When you’re evaluating AI models, you have to mind the hype. The most obvious place to start is the $6 million cost DeepSeek claims it took to train this model. That is a 94% decrease!

The independent research and analysis firm Semianalysis looked at the probable total cost to train this model. They don’t believe the $6M price tag, saying: “This is akin to pointing to a specific part of a bill of materials for a product and attributing it as the entire cost.”

They believe that $6M was only for the pre-training number, and that the hardware spend has surpassed $500M over the company history. Additionally, there is the cost of the teams who spent months developing and testing the new ideas and configurations for the new model to consider.

Dangers of this Model

There are a few things to be wary of if you plan to use this model. First of all, since the model was trained with distillation, that means it was trained with synthetic data. Is that data correct? Probably as correct as any LLM can be.

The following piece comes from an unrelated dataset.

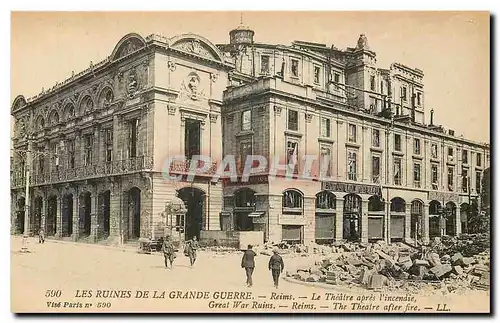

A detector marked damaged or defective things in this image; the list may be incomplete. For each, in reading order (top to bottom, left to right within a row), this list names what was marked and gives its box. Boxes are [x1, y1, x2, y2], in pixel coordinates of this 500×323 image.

damaged theater facade [10, 24, 488, 247]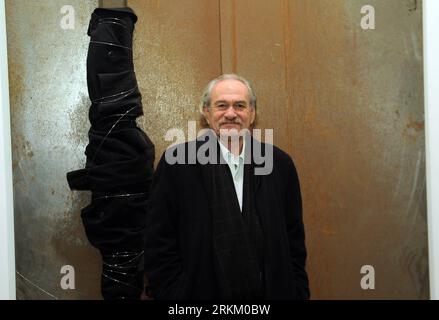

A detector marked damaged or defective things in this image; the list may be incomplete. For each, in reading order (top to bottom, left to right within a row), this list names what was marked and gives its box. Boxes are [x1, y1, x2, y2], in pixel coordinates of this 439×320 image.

rusty metal surface [6, 0, 101, 300]
rusty metal surface [222, 0, 428, 300]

Also remember that DeekSeek is a Chinese company. This means it is subject to its country’s laws and regulations. Because of that, it can’t answer questions about the Tiananmen Square massacre or the Hong Kong pro-democracy protests, for instance.

While DeepSeek, Meta, and OpenAI say they collect data from account information, activities on the platform, and devices they are using, DeepSeek “also collects keystroke patterns or rhythms, which can be as uniquely identifying as a fingerprint or facial recognition and used a biometric.”

Things to Ponder…

The DeepSeek announcement was something to get excited about. A company has figured out how to train their model faster and more efficiently, making it more affordable. However, don’t get caught up in the hype. Dig into statements that seem improbable – they probably are focusing on just one part of the story. If you don’t understand the vocabulary, look up the words or ask an expert. Here is an overview of how LLMs work from a session I presented at VMworld.

Always remember that AI is just computer science, and not magic!